Late last week, after data showed the U.S. corn harvest was expected to be 2 percent lower than previously forecast, corn prices soared, ethanol prices fell and prices of RINS moved up to the 4.30 cent per gallon level.
RINs stands for Renewable Identification Number and is assigned by the importer or producer of a gallon of renewable fuels like ethanol bought by others.
A fall off in prices this week are making the levels more economically attractive to blenders, importers and refiners who are bound by the Environmental Protection Agency mandates to track their usage.
"We are seeing some of that buying," said one Midwestern trader. RINs for 2011 are in the 3 cent (a gallon) area."

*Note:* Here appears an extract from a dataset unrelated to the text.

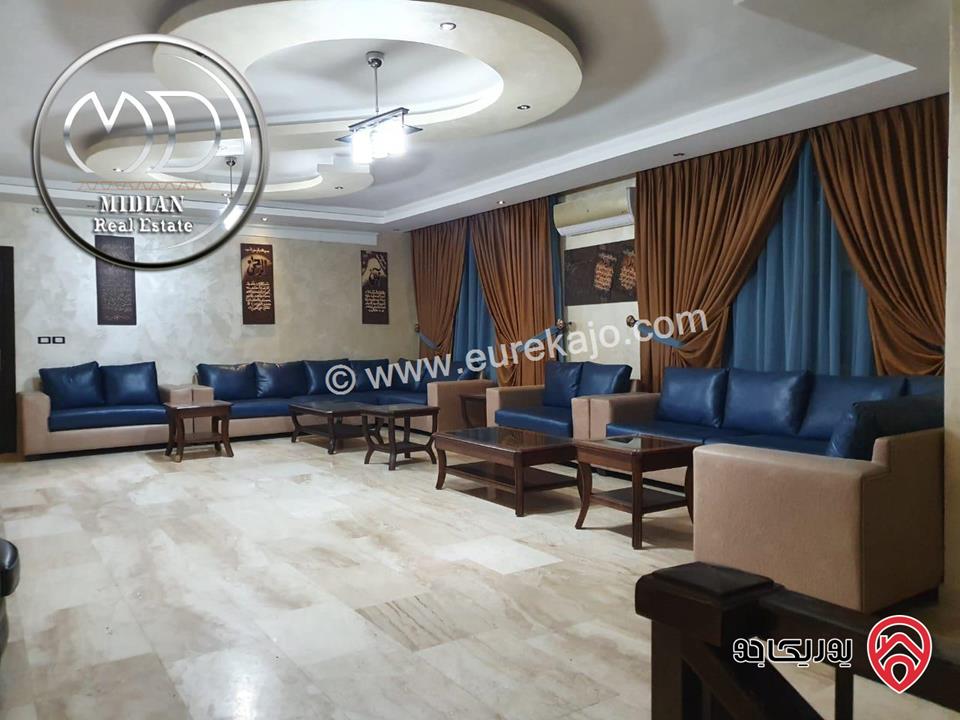 شقة دوبلكس ارضية مفروشة للايجار في عمان - الشميساني مساحة 350م 5 نوم مع ترس و حديقة 150م سوبر ديلوكس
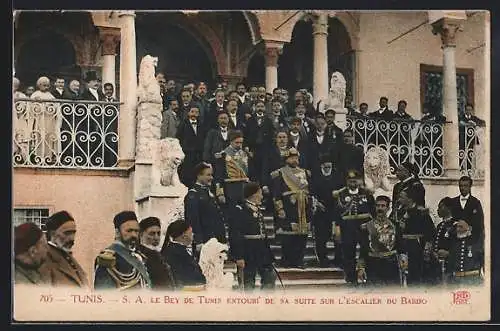 AK Tunis, le Bey de Tunis, entouré de sa suite..., Fürst von Tunis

A trader with a large ethanol maker said that D6 Cal 11 ethanol traded for 3.25 cents per gallon earlier Thursday, with demand for RINs ebbing a little as this week's fall in corn prices improved margins.

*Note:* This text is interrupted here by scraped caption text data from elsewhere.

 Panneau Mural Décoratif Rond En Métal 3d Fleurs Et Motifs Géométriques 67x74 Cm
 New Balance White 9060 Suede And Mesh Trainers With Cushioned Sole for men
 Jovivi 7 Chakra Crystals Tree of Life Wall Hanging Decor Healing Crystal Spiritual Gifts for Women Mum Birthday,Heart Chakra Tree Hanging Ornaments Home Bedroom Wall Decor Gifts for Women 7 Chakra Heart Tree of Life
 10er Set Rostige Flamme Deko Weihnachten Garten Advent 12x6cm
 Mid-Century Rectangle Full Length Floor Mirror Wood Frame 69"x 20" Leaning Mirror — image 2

Each refiner and blender has a yearly quota of renewables that needs to be used in gasoline. Current environmental production standards call for one out of every ten gallons to be renewable. RINS are the currency for crediting, trading and use by blenders and refiners.
"They are not exportable. I would estimate about 1 billion of RINS are banked," said one industry source.
Blenders and refiners can save up and carry over RINS from the previous year.
Some smaller, destination ethanol plants may be at risk of closing from the high corn prices but most located in the Midwest farmbelt are owned and operated by large companies with sophisticated trading and risk management.
"Our plants have not slowed down. They are running at 100 percent," said Jim Stark, company spokesman for Green Plains Renewable Energy (GPRE.O), the nation's fourth largest ethanol producer. Green Plains makes not only ethanol from the corn but also distillers' dried grain which is used as animal feed.